• Dataset content
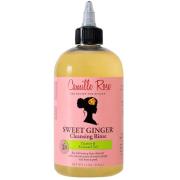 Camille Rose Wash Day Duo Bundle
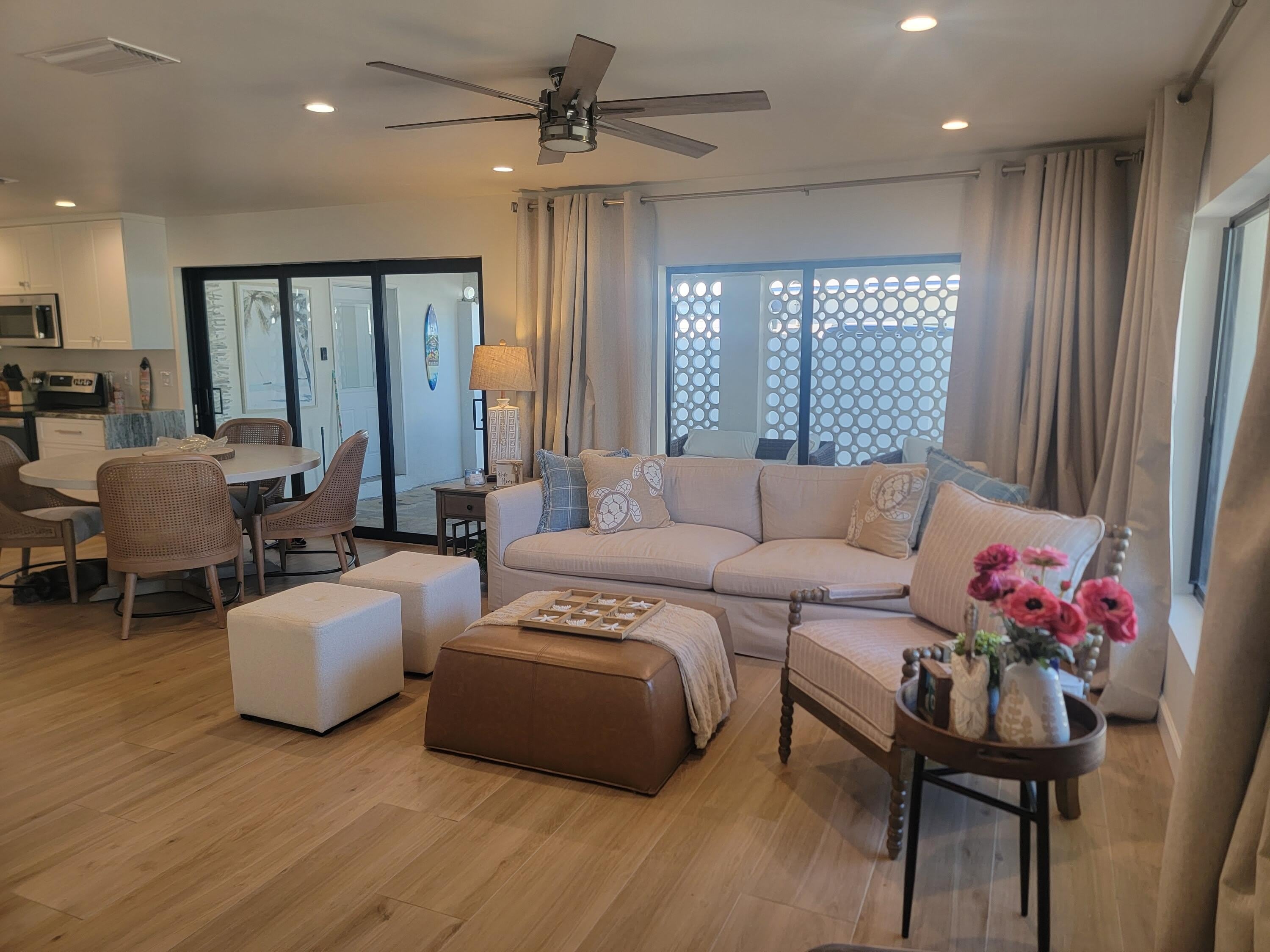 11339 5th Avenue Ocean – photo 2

==

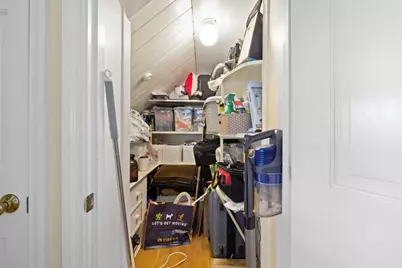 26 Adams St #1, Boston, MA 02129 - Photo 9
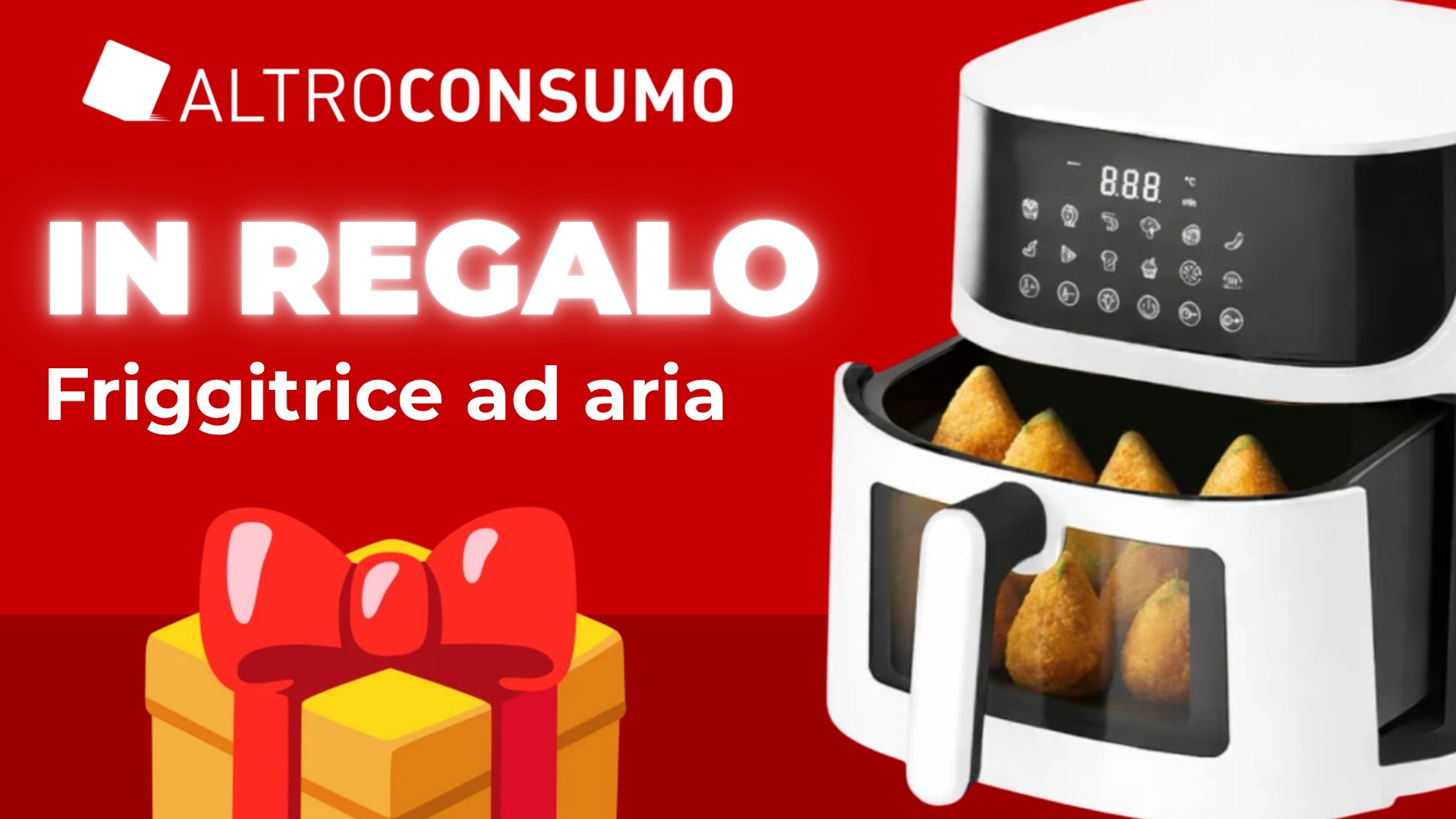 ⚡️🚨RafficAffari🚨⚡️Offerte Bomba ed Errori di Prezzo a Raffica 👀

==

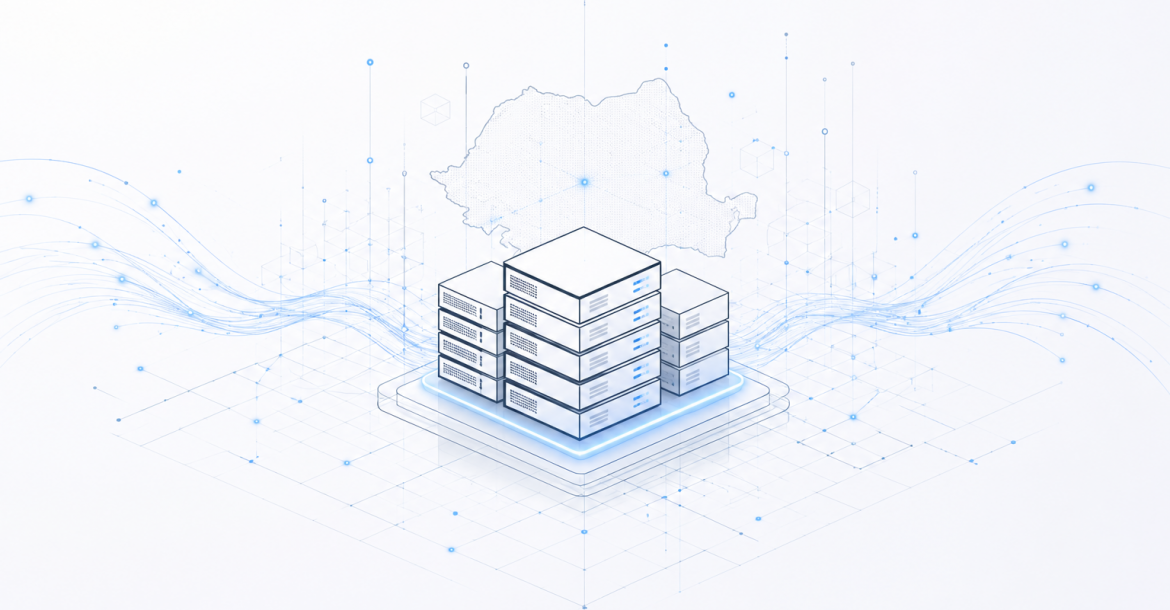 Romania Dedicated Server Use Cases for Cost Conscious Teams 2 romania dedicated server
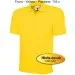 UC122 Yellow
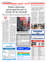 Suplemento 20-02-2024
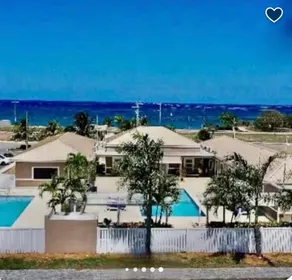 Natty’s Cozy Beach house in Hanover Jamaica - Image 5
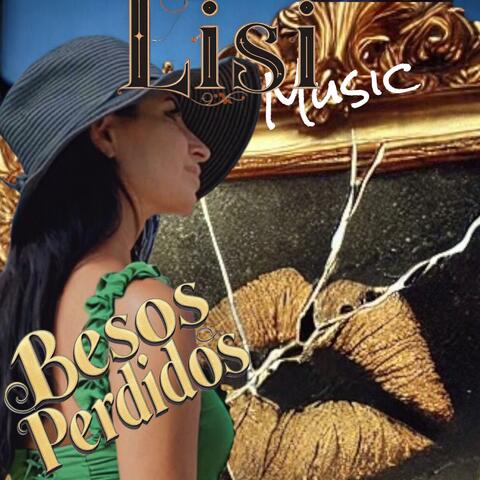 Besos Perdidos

• Activity
From the records above, copy only the lines running from the line holding "Camille Rose Wash Day Duo Bundle" through the line holding "11339 5th Avenue Ocean – photo 2", with no pictures.

• Result of the task
 Camille Rose Wash Day Duo Bundle
 11339 5th Avenue Ocean – photo 2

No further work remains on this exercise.